851R.01/61½

Memorandum by Admiral William D. Leahy, Chief of Staff to the Commander in Chief of the Army and Navy 9

The President desires that I bring the attached despatch to your attention and that I prepare for him a draft reply.

I shall appreciate receiving, as soon as practicable, your suggestions concerning the reply, as well as any comment you may desire to make on the situation discussed in the Prime Minister’s message.

William D. Leahy
[Enclosure]

Telegram No. 239, December 23, 1942, From Prime Minister Churchill to President Roosevelt

Your number 241. Due to the differences between our systems of government it is impossible to achieve exact similarity. For example, by minister I meant political minister and you think diplomatic minister. Again Murphy is the personal representative of you as head of the state. It would be impossible for me to make a similar appointment of a diplomatic character. The best that can be done is to send Macmillan out as “His Majesty’s Government’s Political Representative at General Eisenhower’s Headquarters”, reporting directly to me, and enjoying precise equality of rank with Murphy. Will this suit you?9a

In your number 219 of November 209b you seemed to contemplate the two political representatives being capable of relieving Eisenhower of large part of his political burdens and that real power should be vested in them jointly subject of course to the ultimate military control of the Commander in Chief. I believe this is most urgently necessary as from all I hear the tangles of local French politics and their world implications force themselves into the first place in the military mind and might well become detrimental to operations.

Prime
  1. Addressed to the Secretary of State and the Chief of Staff of the United States Army (Marshall).
  2. In his telegram No. 247, December 29, President Roosevelt replied: “The designation of Macmillan as ‘Minister Resident at Allied Headquarters’ is satisfactory to me.
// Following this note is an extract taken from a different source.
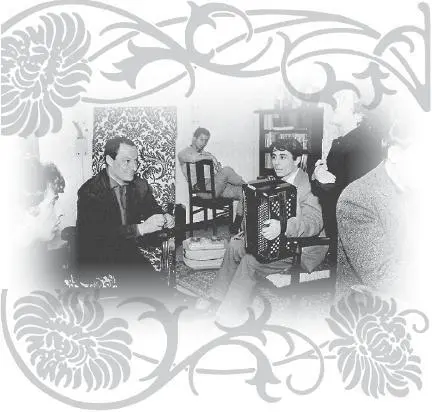 На репетиции с Тео слева Дирижер не знал как себя вести и что сказать Его - фото 85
It is my understanding that General Eisenhower will continue to have full veto power over all civil officials in the area of operations when in his Eisenhower’s opinion such veto is advantageous to military operations or prospects.” Copy of telegram obtained from the Franklin D. Roosevelt Library, Hyde Park, N.Y. A White House memorandum of the same date indicated concurrence by the Secretary of State.
  3. See Winston S. Churchill, The Second World War, vol. iv, The Hinge of Fate (Boston, 1950), p. 635.